- **Work required**
Give again, word for word, the lines below that run from the line with "Boho Butikowe Apartamenty" through the line with "Apartment Antonija I". Drop the pictures.

- **Input**
[Start of section]

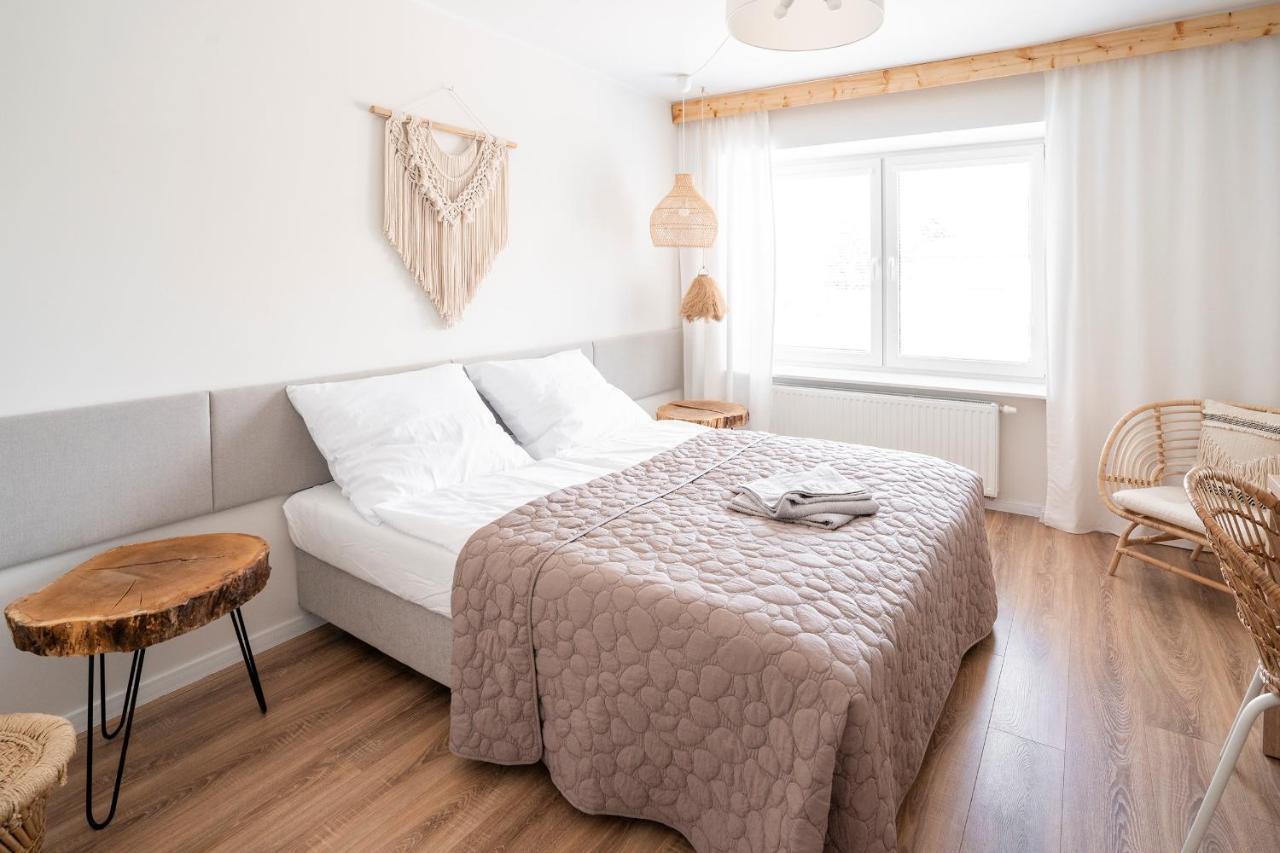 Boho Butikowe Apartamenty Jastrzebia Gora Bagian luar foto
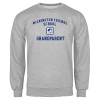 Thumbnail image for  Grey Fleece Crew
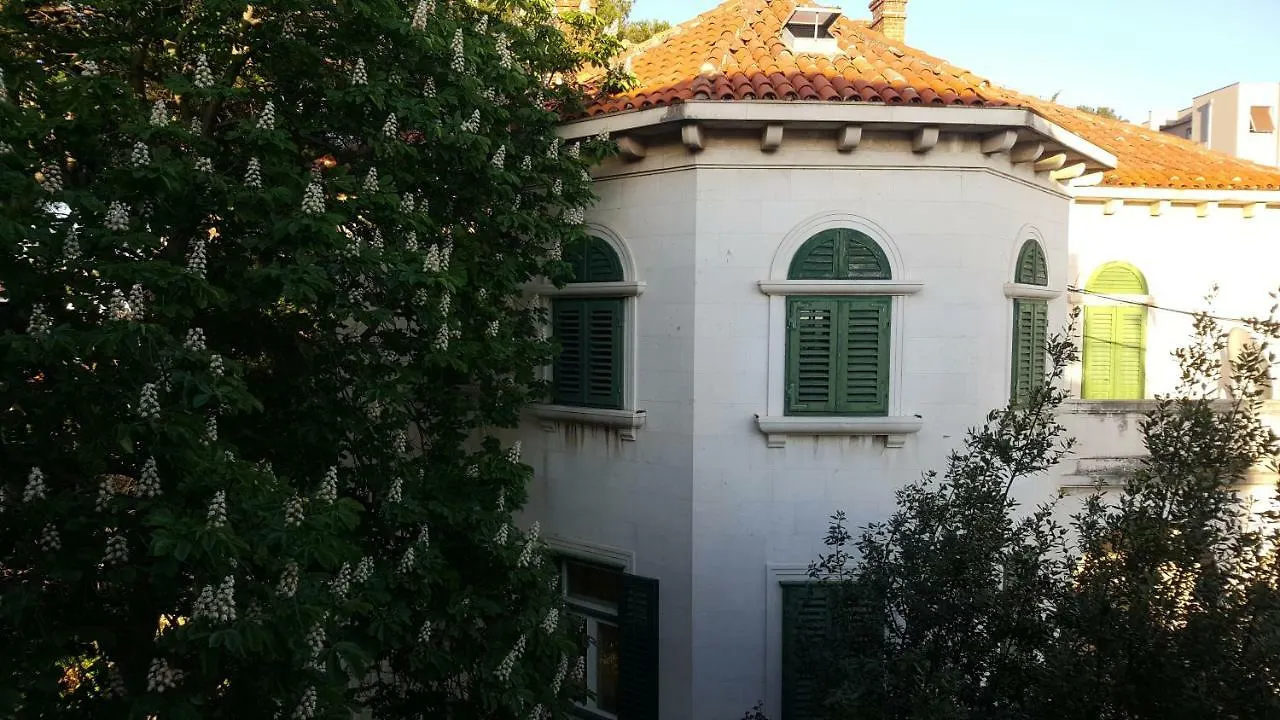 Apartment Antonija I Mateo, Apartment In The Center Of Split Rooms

[End of section]
[Start of section]

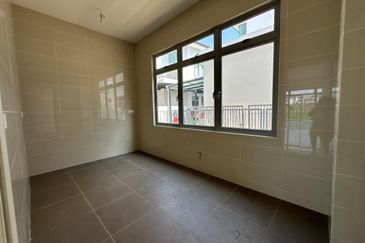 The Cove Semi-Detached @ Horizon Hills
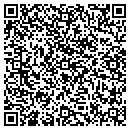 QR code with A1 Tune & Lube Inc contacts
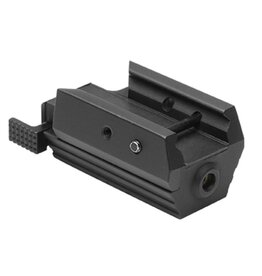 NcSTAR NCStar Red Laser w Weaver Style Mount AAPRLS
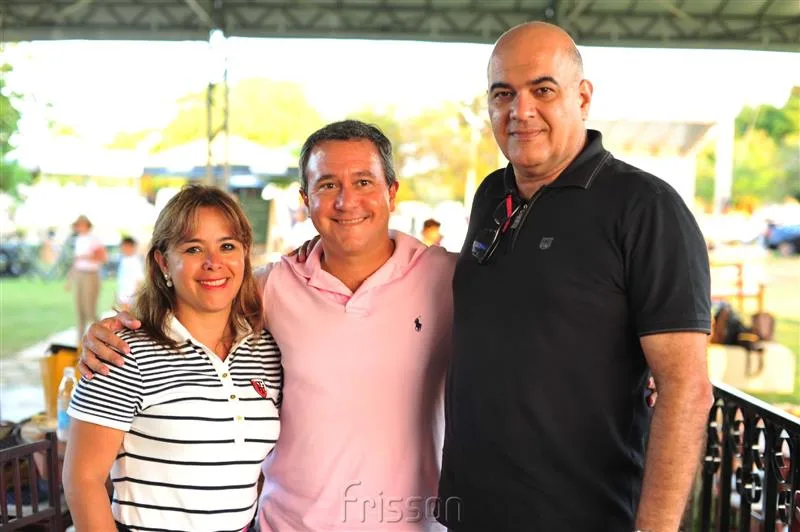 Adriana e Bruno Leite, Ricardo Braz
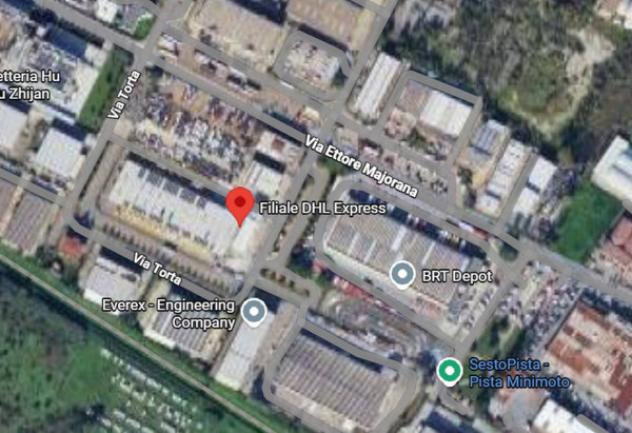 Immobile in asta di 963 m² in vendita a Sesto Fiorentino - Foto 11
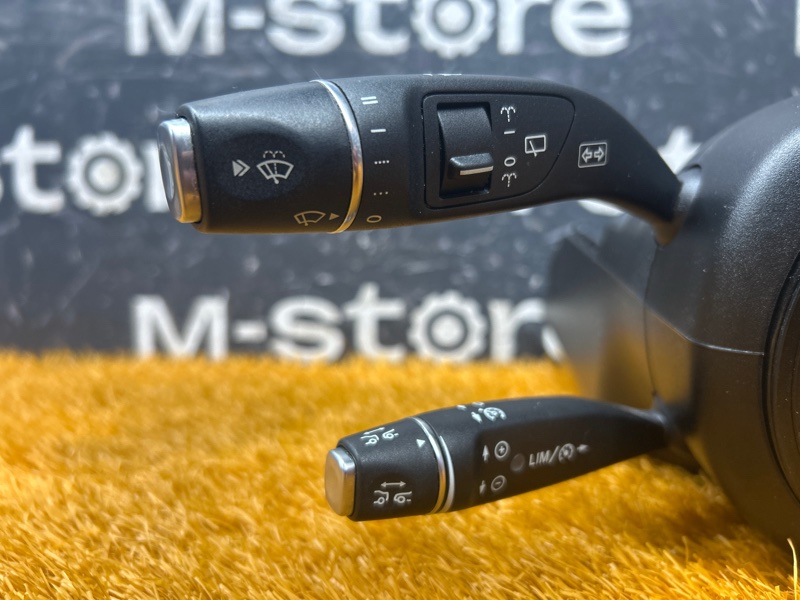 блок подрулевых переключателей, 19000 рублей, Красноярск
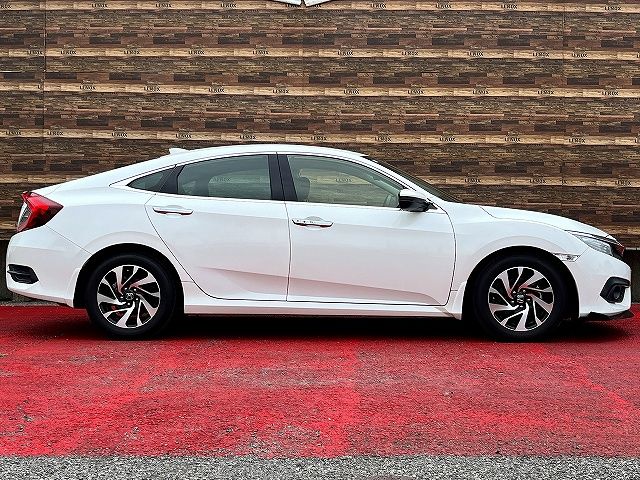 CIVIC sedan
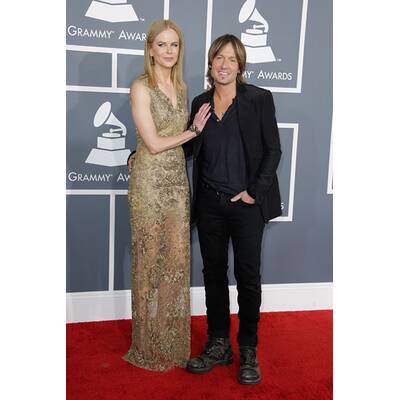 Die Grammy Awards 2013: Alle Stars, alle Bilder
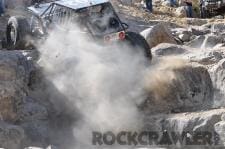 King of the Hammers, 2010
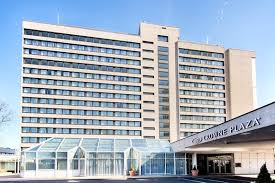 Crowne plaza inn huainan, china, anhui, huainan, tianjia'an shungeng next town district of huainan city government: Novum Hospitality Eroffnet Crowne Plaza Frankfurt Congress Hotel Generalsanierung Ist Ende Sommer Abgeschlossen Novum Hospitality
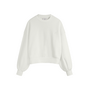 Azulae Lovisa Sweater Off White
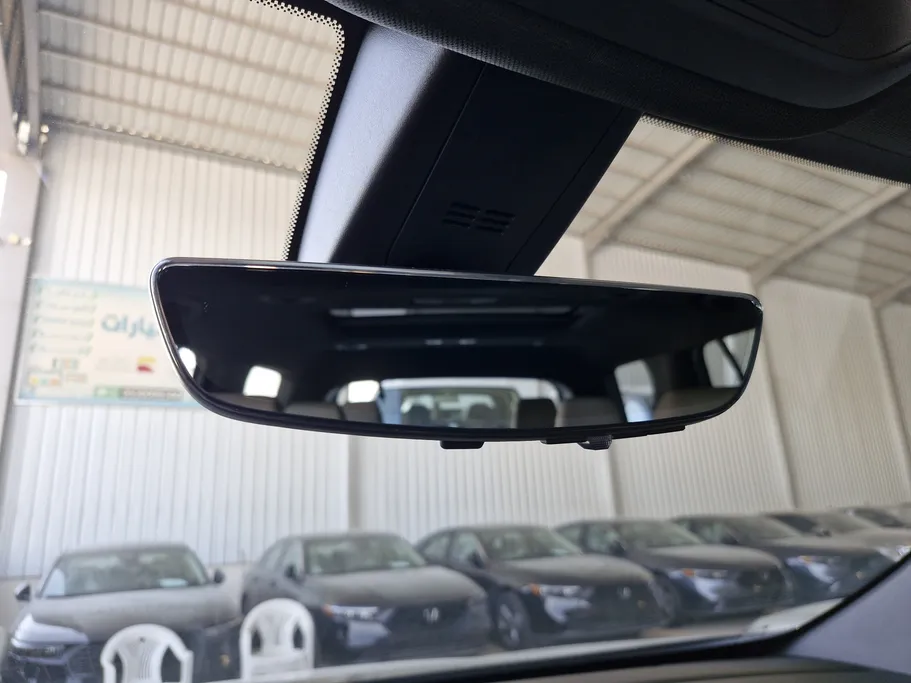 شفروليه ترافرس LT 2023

[End of section]

- **Answer box**
 Boho Butikowe Apartamenty Jastrzebia Gora Bagian luar foto
 Thumbnail image for  Grey Fleece Crew
 Apartment Antonija I Mateo, Apartment In The Center Of Split Rooms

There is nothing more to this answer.